Though we love the myth, we haven't talked much--until now--about what the class-straddling process is really like. This may be because the experience has not happened, or rather, that the conditions for the class-straddling experience have existed only rarely until now. A generation of blue-collar parents (many of them first-generation American-born or immigrants) have raised children who have attended college and/or graduate school, something of a new phenomenon.

It is fascinating to read Lubrano's work, because he describes the reality of the experience of upward mobility, but more aptly of class-straddling, and it is so different from the mythic version. Some of us knew this, but it's nice to see it in print.

"Limbo" stands on its own merits--great storytelling, poignant and critical without seeming whiney, and captured details that do more to convey an experience in one sentence than some writers can in an entire chapter--but I'd be remiss if I left my personal lens out of this review. I found this book just as I was completing my M.S. and beginning my Ph.D. I am not in the Ivy League, but do attend a very good, private university with a more-than-decent reputation. I wish Lubrano had written "Limbo" while I was in college, but am grateful that he wrote it at all.

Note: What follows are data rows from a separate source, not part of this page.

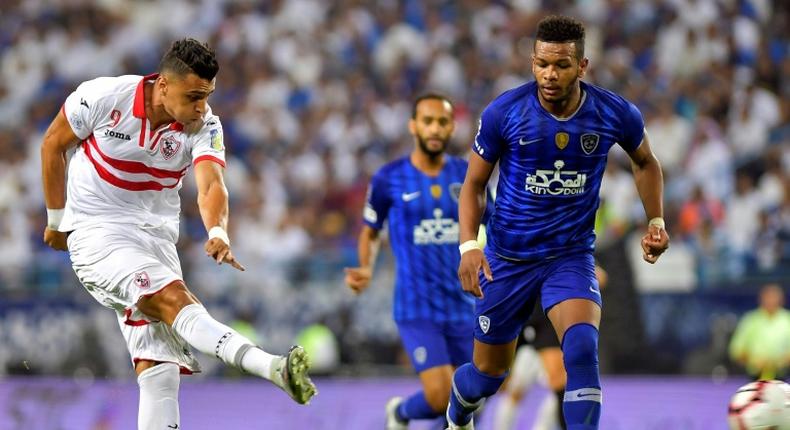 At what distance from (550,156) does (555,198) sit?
10.0 inches

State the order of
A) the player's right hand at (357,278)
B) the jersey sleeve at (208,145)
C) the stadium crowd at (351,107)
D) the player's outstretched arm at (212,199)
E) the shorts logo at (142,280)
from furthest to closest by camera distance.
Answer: the stadium crowd at (351,107), the player's right hand at (357,278), the jersey sleeve at (208,145), the shorts logo at (142,280), the player's outstretched arm at (212,199)

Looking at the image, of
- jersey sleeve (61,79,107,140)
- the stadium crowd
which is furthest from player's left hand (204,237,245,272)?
the stadium crowd

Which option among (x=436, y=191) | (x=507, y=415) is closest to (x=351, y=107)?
(x=507, y=415)

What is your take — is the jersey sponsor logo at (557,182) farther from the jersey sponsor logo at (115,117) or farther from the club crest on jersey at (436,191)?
the jersey sponsor logo at (115,117)

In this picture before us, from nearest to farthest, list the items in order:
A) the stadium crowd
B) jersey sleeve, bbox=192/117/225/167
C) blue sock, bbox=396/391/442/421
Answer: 1. jersey sleeve, bbox=192/117/225/167
2. blue sock, bbox=396/391/442/421
3. the stadium crowd

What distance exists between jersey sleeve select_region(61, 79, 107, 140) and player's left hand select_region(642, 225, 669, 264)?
9.94 ft

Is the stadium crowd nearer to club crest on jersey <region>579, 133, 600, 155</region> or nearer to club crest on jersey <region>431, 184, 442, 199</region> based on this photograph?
club crest on jersey <region>431, 184, 442, 199</region>

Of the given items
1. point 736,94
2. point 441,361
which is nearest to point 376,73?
point 736,94

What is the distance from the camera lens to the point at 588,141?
6840 millimetres

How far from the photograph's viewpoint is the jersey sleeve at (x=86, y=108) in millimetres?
6902

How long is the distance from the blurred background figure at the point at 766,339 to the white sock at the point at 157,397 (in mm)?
7890

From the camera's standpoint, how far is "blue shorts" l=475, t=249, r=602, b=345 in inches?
272

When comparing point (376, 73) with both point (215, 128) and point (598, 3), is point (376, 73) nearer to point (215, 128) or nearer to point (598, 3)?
point (598, 3)

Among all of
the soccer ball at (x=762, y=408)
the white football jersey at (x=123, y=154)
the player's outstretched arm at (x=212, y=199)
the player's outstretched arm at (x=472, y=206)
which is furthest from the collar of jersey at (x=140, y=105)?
the soccer ball at (x=762, y=408) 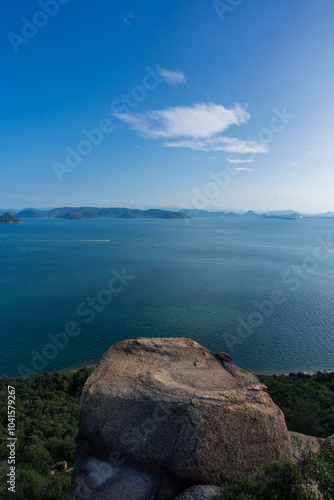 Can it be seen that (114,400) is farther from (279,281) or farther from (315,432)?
(279,281)

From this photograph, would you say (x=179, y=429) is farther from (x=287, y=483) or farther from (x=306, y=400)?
(x=306, y=400)

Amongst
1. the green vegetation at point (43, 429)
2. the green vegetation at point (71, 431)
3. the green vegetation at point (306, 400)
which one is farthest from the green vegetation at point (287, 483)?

My parents (a tool and die maker and an elementary school secretary) could not afford to pay for any portion of my undergraduate education - neither tuition nor living expenses. I qualified for scanty and sporadically available merit-based financial aid, but--despite earning just $18,000 per year before taxes--I never once qualified for need-based financial aid. I felt like an outcast in college: I had just one other friend (another girl from a working-class background just like mine, still one of my closest friends and now an M.A.) who worked fulltime and attended college fulltime, like I did.

I believed so much in a meritocracy, until I realized how a university's entire structure is based on the ability of its students to be there fulltime, and during the day - during working hours, for those of us who have worked since we were 15. As a college student who had to work fulltime in order to cover living expenses, buy textbooks, etc., having to select from limited evening and summer classes, or work from 6 PM until 3 AM in order to be able to attend classes during the day, made the college experience very, very different from the one most other people had.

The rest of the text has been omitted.